Hi there! That’s normally how you start these things, right? A ‘hi’, a ‘hello’, maybe even a ‘howdy!’ Oh. Yeah. And my name. Probably would’ve been best to start off with that too. My name is Adithya Peiris Suriyapperuma but, for expediency’s sake, you can call me Adi. Think Adi like Adidas. You’re laughing right now, aren’t you? See! That always gets them.

Anyway, now that I’ve given you the who, I think it’s about time I get around to the why and the what: why I’m here and what I do here for the Curatorial and Engagement department. Firstly, I’m here as part of a government-funded traineeship scheme to integrate more ethnic minorities into the museums and galleries sector. Throughout the traineeship, I have been able to practice many of the skills I had prior to starting it, whilst picking up some new skills along the way. This has worked out perfectly in terms of what I do with the Outreach team. Here, I’ve been able to fully utilise my existing skills in creative writing by promoting venues and artefacts via social media.
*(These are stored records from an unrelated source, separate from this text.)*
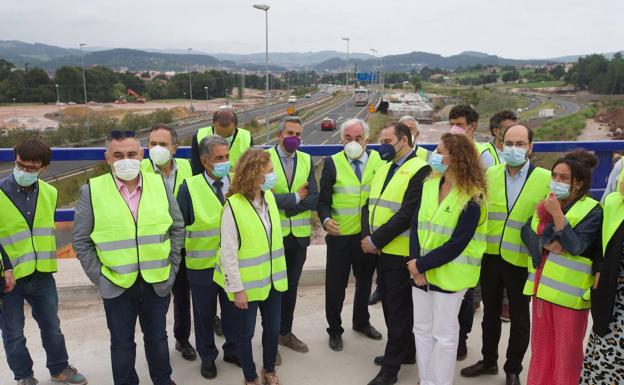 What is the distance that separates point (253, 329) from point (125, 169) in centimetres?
130

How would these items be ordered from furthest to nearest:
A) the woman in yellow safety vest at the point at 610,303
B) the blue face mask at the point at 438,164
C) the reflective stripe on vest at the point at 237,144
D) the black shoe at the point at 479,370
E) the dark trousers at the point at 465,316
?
the reflective stripe on vest at the point at 237,144, the dark trousers at the point at 465,316, the black shoe at the point at 479,370, the blue face mask at the point at 438,164, the woman in yellow safety vest at the point at 610,303

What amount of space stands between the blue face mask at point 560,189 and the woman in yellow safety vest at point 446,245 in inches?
14.9

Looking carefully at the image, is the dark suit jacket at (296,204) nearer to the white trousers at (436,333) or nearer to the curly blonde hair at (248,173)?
the curly blonde hair at (248,173)

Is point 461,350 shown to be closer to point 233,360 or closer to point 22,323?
point 233,360

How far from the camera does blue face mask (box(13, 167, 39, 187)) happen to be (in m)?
2.93

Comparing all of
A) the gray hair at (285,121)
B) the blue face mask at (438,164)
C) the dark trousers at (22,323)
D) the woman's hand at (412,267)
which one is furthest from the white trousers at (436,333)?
the dark trousers at (22,323)

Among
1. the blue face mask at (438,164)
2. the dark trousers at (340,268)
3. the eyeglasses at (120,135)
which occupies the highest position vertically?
the eyeglasses at (120,135)

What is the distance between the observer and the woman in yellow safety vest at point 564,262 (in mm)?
2584

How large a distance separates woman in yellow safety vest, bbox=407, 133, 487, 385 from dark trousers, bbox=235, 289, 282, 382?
923 millimetres

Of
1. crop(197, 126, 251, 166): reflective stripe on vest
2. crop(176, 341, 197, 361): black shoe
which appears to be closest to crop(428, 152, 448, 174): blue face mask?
crop(197, 126, 251, 166): reflective stripe on vest

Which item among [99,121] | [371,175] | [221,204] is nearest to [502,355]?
[371,175]

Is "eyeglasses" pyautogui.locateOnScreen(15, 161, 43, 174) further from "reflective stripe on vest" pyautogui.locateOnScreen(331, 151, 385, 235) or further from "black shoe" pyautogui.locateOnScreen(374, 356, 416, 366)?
"black shoe" pyautogui.locateOnScreen(374, 356, 416, 366)

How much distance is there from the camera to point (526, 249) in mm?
3025

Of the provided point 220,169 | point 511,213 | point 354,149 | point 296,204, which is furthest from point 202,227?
point 511,213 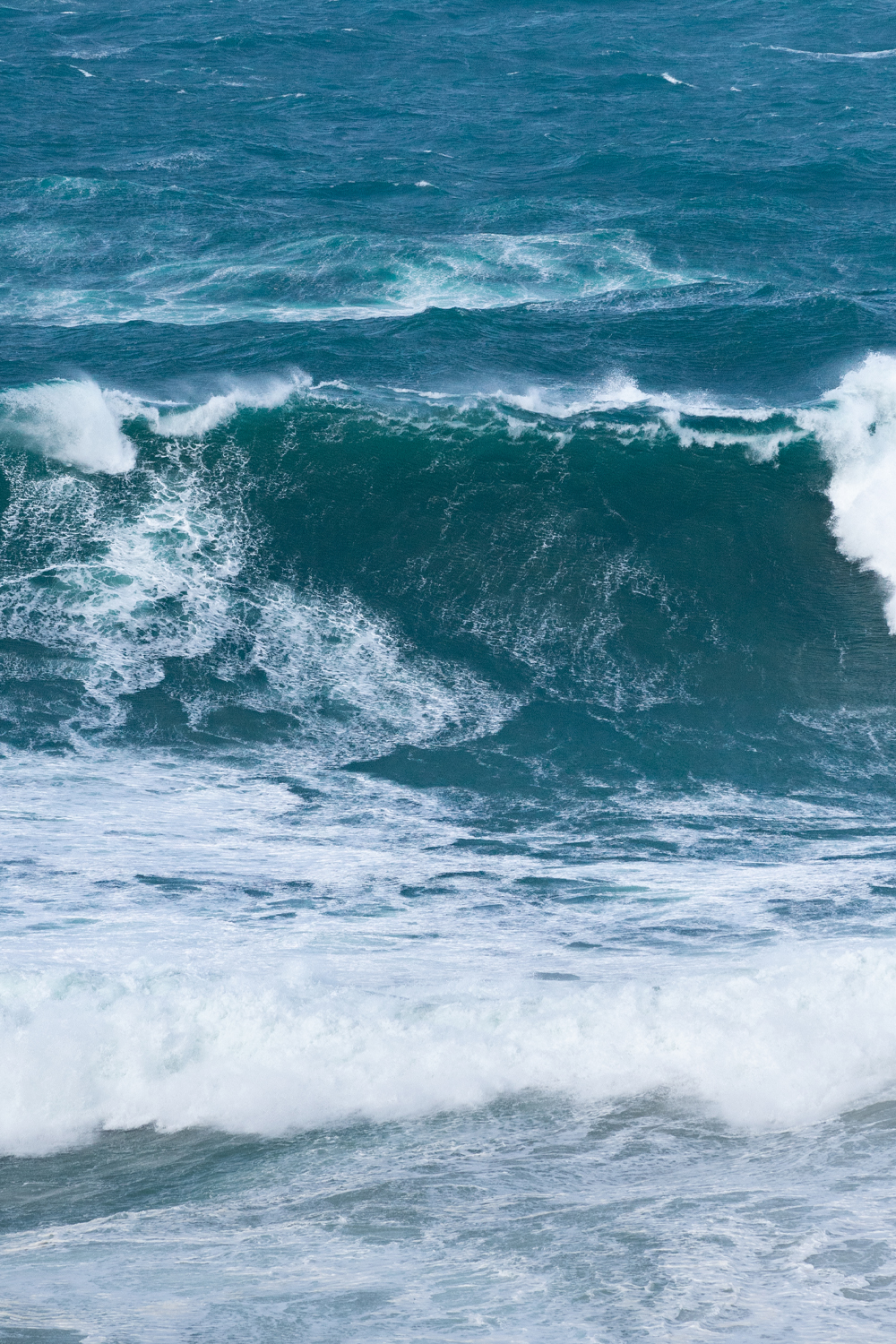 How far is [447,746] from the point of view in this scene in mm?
13688

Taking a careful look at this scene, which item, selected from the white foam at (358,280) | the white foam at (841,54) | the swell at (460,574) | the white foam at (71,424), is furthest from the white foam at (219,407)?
the white foam at (841,54)

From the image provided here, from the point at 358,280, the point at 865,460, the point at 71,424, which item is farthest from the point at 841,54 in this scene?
the point at 71,424

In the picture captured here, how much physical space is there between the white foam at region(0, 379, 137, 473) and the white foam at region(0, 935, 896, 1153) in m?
9.32

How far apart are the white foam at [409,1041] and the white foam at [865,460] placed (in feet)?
24.3

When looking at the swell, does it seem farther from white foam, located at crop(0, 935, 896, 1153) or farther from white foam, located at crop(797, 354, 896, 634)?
white foam, located at crop(0, 935, 896, 1153)

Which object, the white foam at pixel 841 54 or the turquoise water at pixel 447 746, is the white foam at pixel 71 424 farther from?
the white foam at pixel 841 54

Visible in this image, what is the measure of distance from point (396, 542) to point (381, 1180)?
9.89 m

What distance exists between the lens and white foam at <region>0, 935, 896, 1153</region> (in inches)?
366

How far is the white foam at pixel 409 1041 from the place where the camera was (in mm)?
9305

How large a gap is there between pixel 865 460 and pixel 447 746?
27.0ft

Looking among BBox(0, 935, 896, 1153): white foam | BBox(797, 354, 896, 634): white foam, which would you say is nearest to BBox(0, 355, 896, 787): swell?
BBox(797, 354, 896, 634): white foam

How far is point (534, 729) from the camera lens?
14.0m

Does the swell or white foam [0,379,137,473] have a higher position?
white foam [0,379,137,473]

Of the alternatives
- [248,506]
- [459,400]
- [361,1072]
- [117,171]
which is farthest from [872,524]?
[117,171]
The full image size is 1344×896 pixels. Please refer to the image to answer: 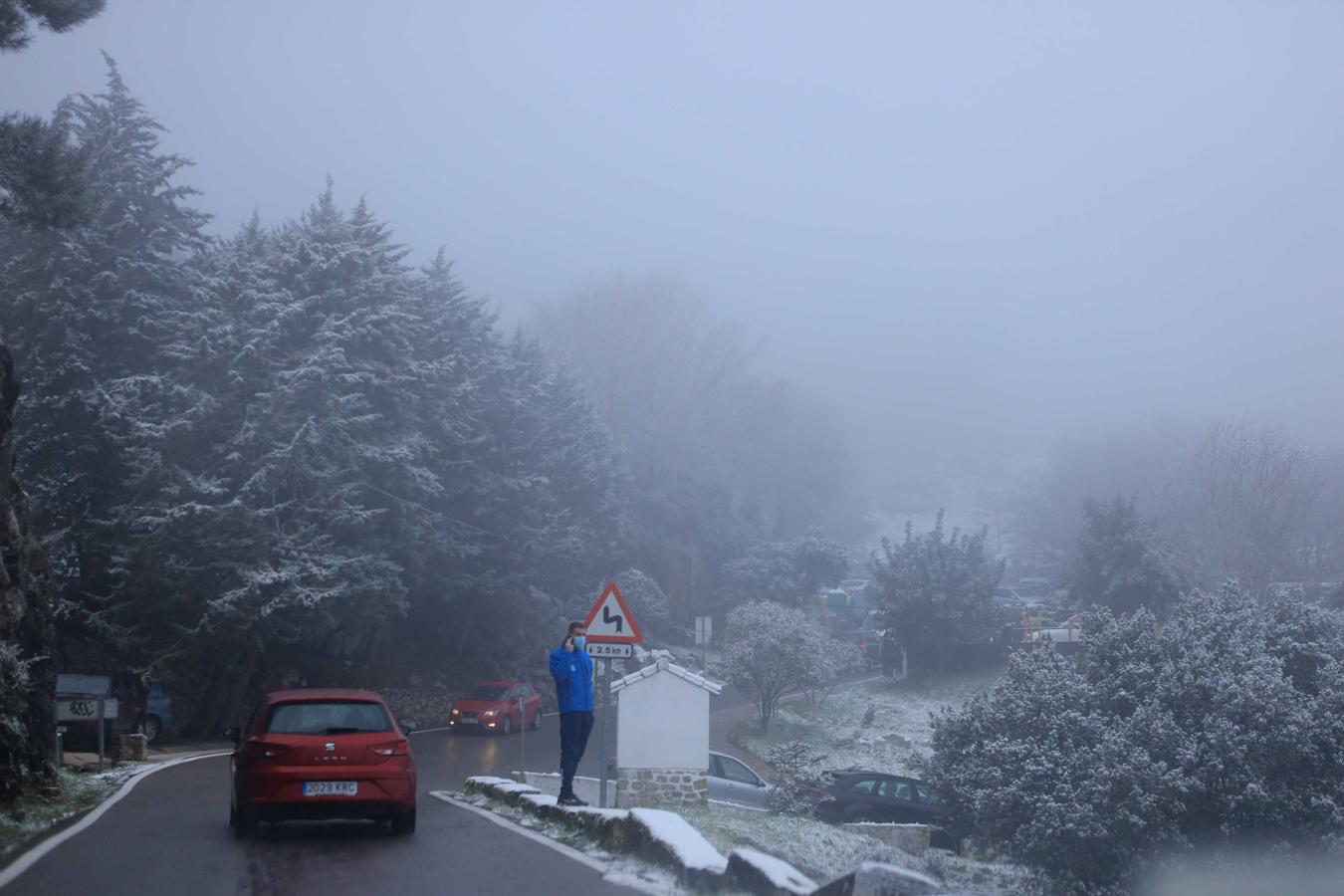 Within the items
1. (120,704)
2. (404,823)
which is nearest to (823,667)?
(120,704)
Furthermore, I’ve picked up new skills in community engagement after travelling with my supervisor to local care homes and taking the elderly residents back in time by using a treasure trove of nostalgic items found in our Reminiscence Boxes. Suffice to say, it’s only just the beginning and I can’t wait to see what the Outreach department has in store for me over the next two months. In the words of the great Canadian poet, Randy Bachman, of Bachman-Turner Overdrive;

“You ain’t seen nothin’ yet. B-b-b-baby, you just ain’t seen n-n-nothin’ yet.”